Speech and Transcription
Valossa AI generates speech-to-text results from the audio track of analyzed videos. The transcript data is available in multiple formats: as detections in the Core metadata JSON, or as a downloadable SRT subtitle file.
Speech Detection Types
audio.speech
Contains speech transcript segments, roughly corresponding to typical subtitle groupings (a few words or a sentence per detection).
{
"t": "audio.speech",
"label": "we profoundly believe that justice will win despite the looming challenges",
"a": { "sen": { "val": 0.307 } },
"occs": [
{ "id": "100", "ss": 12.5, "se": 16.8, "shs": 4, "she": 5 }
]
}
The label field contains the transcribed text. If speech sentiment analysis is enabled, the a.sen.val field contains the valence score.
In by_detection_type, audio.speech detections are ordered by time (not by prominence).
audio.speech_detailed
Contains individual words with precise timestamps, confidence scores, and speaker diarization.
{
"t": "audio.speech_detailed",
"label": "stay",
"c": 0.59,
"a": { "s": { "id": "14" } },
"occs": [
{ "id": "341", "ss": 44.32, "se": 44.4, "shs": 28, "she": 28 }
]
}
| Field | Description |
|---|---|
label | The word or punctuation character |
c | Confidence score for this word (0.0 to 1.0) |
a.s.id | Speaker ID for diarization (identifies which speaker said this word) |
occs | Precise start and end time for this word |
Punctuation characters (periods, commas) have zero duration (ss equals se).
In by_detection_type, audio.speech_detailed detections are ordered chronologically.

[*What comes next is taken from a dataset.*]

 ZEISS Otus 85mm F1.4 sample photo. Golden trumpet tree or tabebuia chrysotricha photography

audio.speech_detailed may not be available for all subscriptions. If unavailable, use audio.speech for transcript data.
audio.speech_summary
An AI-generated summary of the video's speech content.
audio.speech_summary.keyword
Keywords extracted from the speech summary.

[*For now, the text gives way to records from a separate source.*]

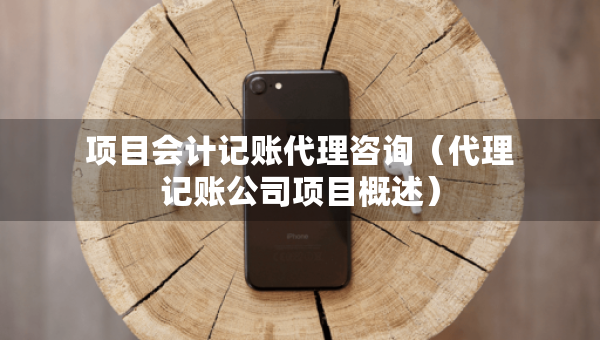 項(xiàng)目會計(jì)記賬代理咨詢（代理記賬公司項(xiàng)目概述）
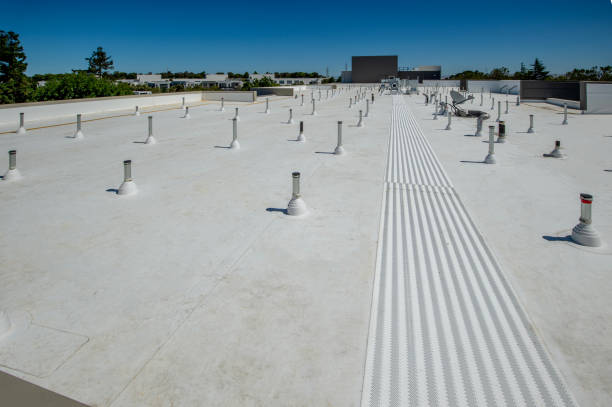 Roof Coating Services in Albany, MN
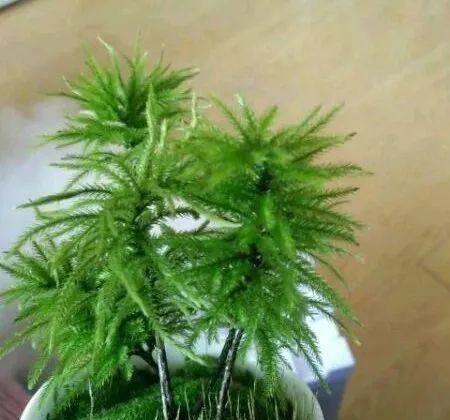 万年藓的生长条件是什么？它有哪些独特特性？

Downloading SRT/VTT Subtitles
Speech-to-text results are also available as a downloadable SRT subtitle file through the API:
curl "https://api-eu.valossa.com/core/1.0/job_results?api_key=YOUR_API_KEY&job_id=JOB_ID&type=speech_to_text_srt" \
-o subtitles.srt
Example SRT Output
1
00:00:01,910 --> 00:00:04,420
hello James and Jolie
2
00:00:04,420 --> 00:00:08,120
you shouldn't go there you know
3
00:00:08,119 --> 00:00:13,639
I had no idea that this could work
please listen to me this is so fabulous
SRT files use Unix newlines (LF only, not CRLF).
The SRT content is generated from the audio.speech detections, so the information is equivalent whether you read the JSON or download the SRT.

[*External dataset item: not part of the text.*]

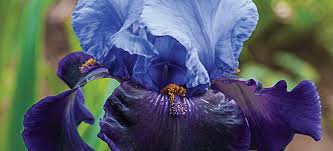 This is because the single flower plant invests more energy in nectar. Best Spring Flowers To Attract Bees In Mid To Late Season Breck S
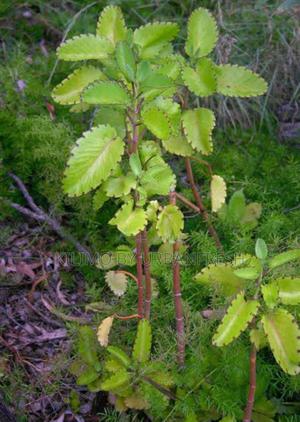 Leaf of Life ( Miracle Leaf ) Seedling - main view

SRT and VTT files can also be downloaded from the Valossa Portal results page.
Speech Keywords
Keywords extracted from speech are available in several detection types:
| Detection Type | Description |
|---|---|
audio.keyword.novelty_word | Noteworthy or distinguishing keywords |
audio.keyword.name.person | Person names mentioned in speech |
audio.keyword.name.location | Location names |
audio.keyword.name.organization | Organization names |
audio.keyword.name.general | Other named entities |
audio.keyword.compliance | Compliance-flagged words (for example: profanity, substance references) |
If a pre-existing transcript was provided, the equivalent types use the transcript.* prefix instead (e.g., transcript.keyword.novelty_word).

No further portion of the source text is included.